Family-owned businesses will experience a change
1. Don’t be caught unprepared
Start thinking about this stuff now, even if you’re not anticipating imminent changes. Experts estimate more than 40 percent of family-owned businesses will experience a change in ownership in any five-year period. Of those, only four percent will have a formal succession plan in place.
“In the next 10 years, about three-quarters of boomer businesses are expected to be handed over to the next generation,” Holland says. And with each successive generation, chances of continued success dwindles.
“You need to get good advice to develop a plan and execute it properly,” says Leonard Kane, president and general manager of Len’s Transportation Group in Surrey, BC. In 2008, he took over the company that his father, Len Sr., started in 1964.
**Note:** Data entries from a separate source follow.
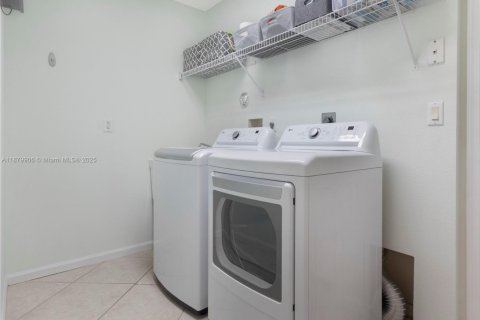 Casa en alquiler en Greenacres, Florida, 3 dormitorios, 222.32 m2 № 1922311 - foto 26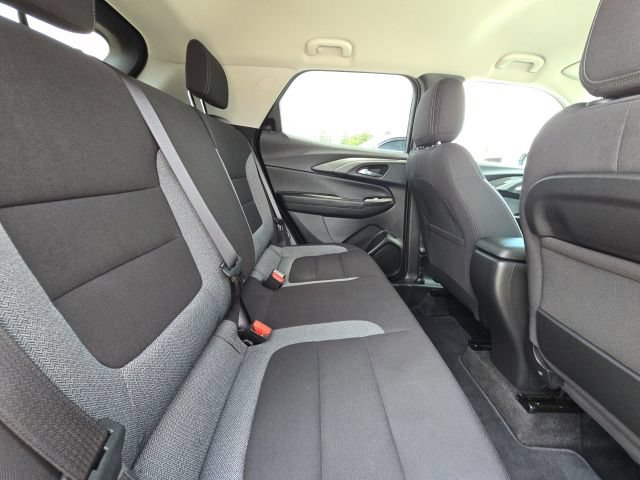 Used 2023 Chevrolet TrailBlazer LT FWD image 14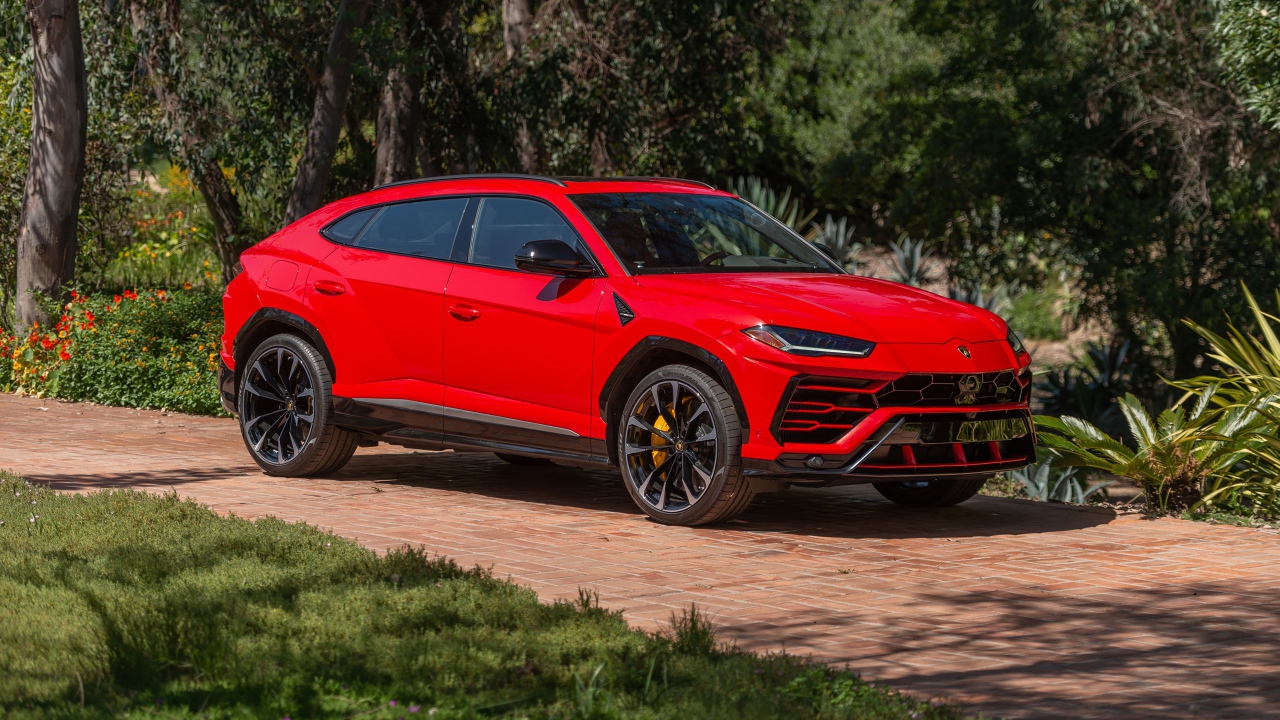 Красный Lamborghini Urus Shiny в парке 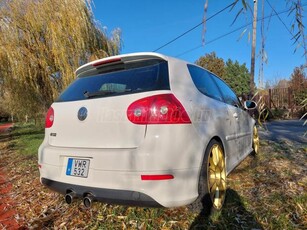 VOLKSWAGEN GOLF V 3.2 V6 R32 4Motion DSG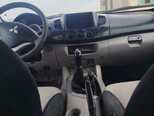 Mitsubishi L200-10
“It was a baptism by fire,” he says. “The economy turned and we had to downsize the entire operation to just a few key people.”
The company has since rebounded to field 23 trucks in the heavy-equipment hauling industry out west. Economy notwithstanding, however, the transition was relatively smooth because he and his father explored all their options and relied heavily on the advice of experts.
And he’s not done yet. He’s already looking ahead, even to the point of anticipating his own passing (though he’s only 38 years old), so his family is not hit with an unreasonable tax burden.
“Basically, you have to plan so your assets can be liquidated or easily transferred around at time of death,” he says.